The Decoder Input Block prepares the target sentence (e.g., "तुम कैसे हो") so the Decoder can learn to generate it one word at a time — without cheating by looking ahead.

It does this by adding a <start> token and shifting everything right, so each step only sees what came before.

➡️ Step 1: Right Shift

Start with the target sentence: "तुम कैसे हो"
Add a special <start> token at the beginning: → "<start> तुम कैसे हो"
Then shift the entire sequence one position to the right. This means the decoder will never see the word it’s supposed to predict.

The result is a new input sequence for the decoder:

Position	1	2	3	4
Decoder Input	`<start>`	`तुम`	`कैसे`	`हो`
Target Output	`तुम`	`कैसे`	`हो`	`<end>`

💡 Why?

During training, the Decoder uses this shifted input to predict the next word:

To predict "तुम", it only sees <start>

To predict "कैसे", it sees <start> + तुम

It never sees "हो" when predicting "कैसे"

This forces the model to generate text causally—just like writing a sentence from left to right.

➡️ Step 2: Tokenizer

The shifted sequence (<start> तुम कैसे हो) goes into the Tokenizer.
It breaks it into individual tokens: → <start>, तुम, कैसे, हो

➡️ Step 3: Embedding (512 dim)

Each token gets turned into a 512-number vector via the Embedding layer.
These are called Word Embeddings: E1, E2, E3, E4

✅ Example:

<start> → E1 = [0.1, -0.9, 0.3, ..., 0.7]
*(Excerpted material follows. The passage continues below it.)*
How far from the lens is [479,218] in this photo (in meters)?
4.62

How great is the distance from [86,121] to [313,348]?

तुम → E2 = [0.8, 0.2, -0.6, ..., 0.1]

कैसे → E3 = [-0.4, 0.9, 0.5, ..., -0.3]

हो → E4 = [0.6, -0.1, 0.8, ..., 0.2]

➡️ Step 4: Positional Embeddings

Just like the Encoder, each token also gets a Positional Embedding: P1, P2, P3, P4
These are precomputed (using sine/cosine waves) to tell the model the position of each token.